Again with the workaround, if I merge this PR to master it also works.

My cherry-picked variant based on v3.9.1 has that other error, but I don't think its relevant to this PR and current master.

So I guess the JVM has it wrong and you have it right, at least for MRI. Thanks @shayonj. Next I want to check this with jruby (on JVM).

dekellum · 2017-07-17T21:04:50Z

OK this PR seems to also work fine under jruby with systemd (without socket activation), and SuccessExitStatus=143 is not required for any of these combinations. I assume the difference is that the JVM's signal handler is calling exit(128+15) instead of kill("TERM") on itself after removing the exit handler? Even on jruby installing the DEFAULT signal handler (presumably via JNI) is working as intended.

shayonj · 2017-07-18T02:00:08Z

Thanks so much for such a thorough review @dekellum 🎉 .
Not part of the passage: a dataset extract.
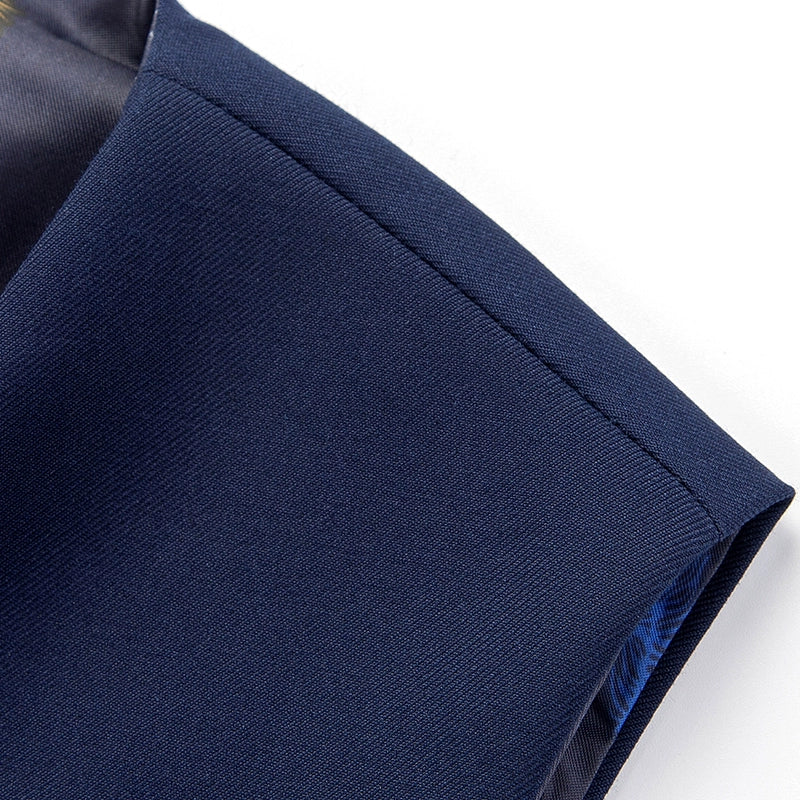 Yiaisafa Formal Men's Business Suit Vest Dark Blue V Neck Slim Fit Waistcoat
Yes, I have puma running using systemd config on my VPS, now that I am thinking, I should have perhaps shared the config here :). And yes MRI ruby.

Another quick way to test SuccessExitStatus requirements, would be to fire up a miniature systemd config, pointing to a bash script that is just sleep. You can kill that process with -15 and would see the on-success behavior accordingly.

Lastly, exit(143) is different than kill("TERM"). exit more or less means a program terminated abnormally (and the status code is only for the terminal), where as kill allows to shutdown a process gracefully (if any).

shayonj · 2017-07-19T15:57:25Z

TL;DR on the above: No additional changes to the existing implementation was introduced and TERM signals return the exit status code correctly, plus the graceful stop behavior on single mode.

stereobooster · 2017-08-03T07:03:05Z

Please add test for this

shayonj · 2017-08-04T07:02:30Z

@stereobooster do you mean tests for making sure the right exit status code is returned? I suppose, verifying the exit status of a server (or process) exit from within an existing process (test suite) could be tricky ($? would return the current process) and probably why there aren't existing specs/tests.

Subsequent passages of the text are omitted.